| WHAT THE TASK ASKS |
The records below are to be copied word for word, with every picture left out.
┏━━
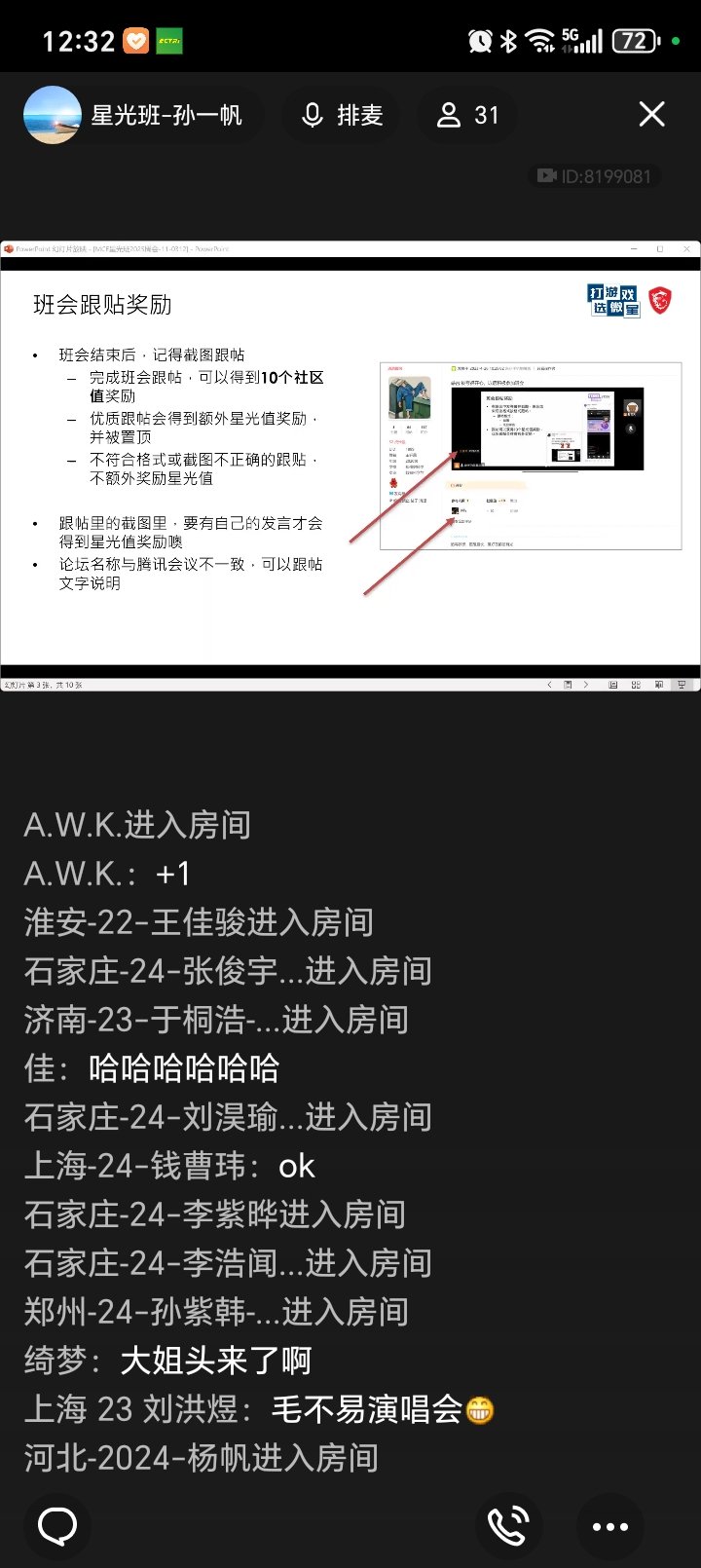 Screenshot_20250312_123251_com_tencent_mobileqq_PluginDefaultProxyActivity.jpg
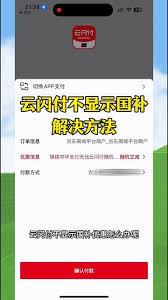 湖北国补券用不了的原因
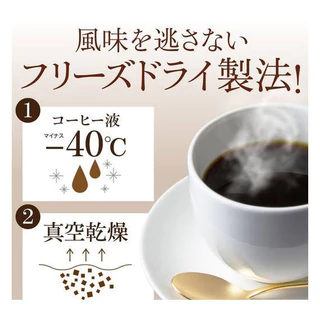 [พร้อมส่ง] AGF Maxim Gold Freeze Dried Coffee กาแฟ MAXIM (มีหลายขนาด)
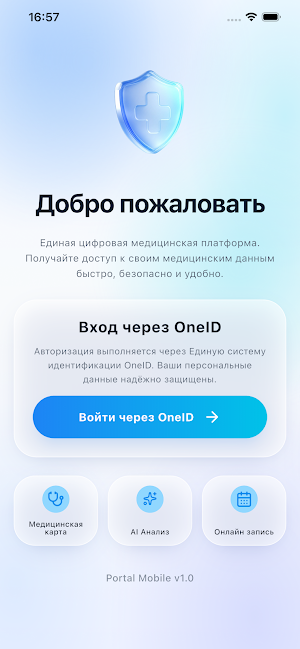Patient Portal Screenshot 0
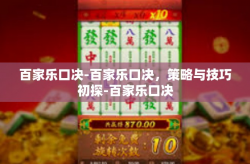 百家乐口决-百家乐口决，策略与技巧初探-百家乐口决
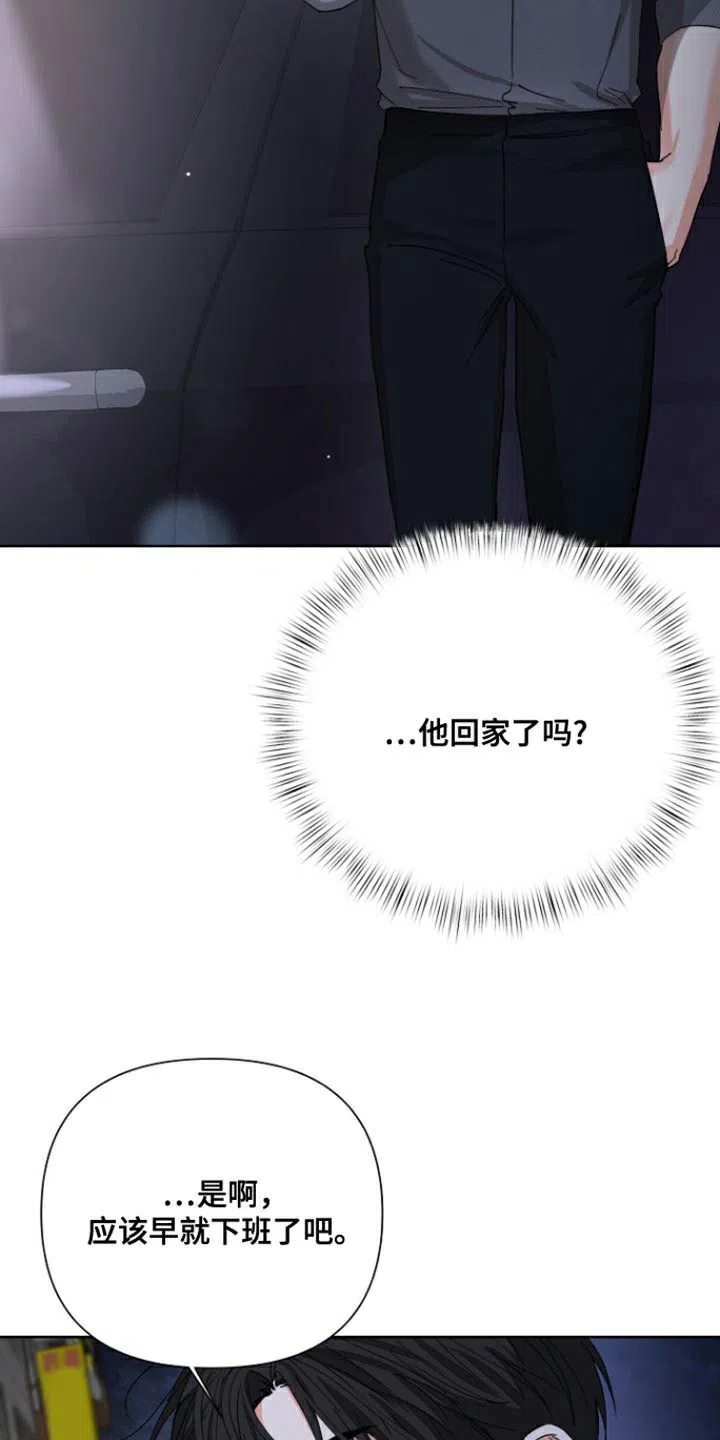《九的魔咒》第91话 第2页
┗━━
| FINISHED EXERCISE |
 Screenshot_20250312_123251_com_tencent_mobileqq_PluginDefaultProxyActivity.jpg
 湖北国补券用不了的原因
 [พร้อมส่ง] AGF Maxim Gold Freeze Dried Coffee กาแฟ MAXIM (มีหลายขนาด)
Patient Portal Screenshot 0
 百家乐口决-百家乐口决，策略与技巧初探-百家乐口决
《九的魔咒》第91话 第2页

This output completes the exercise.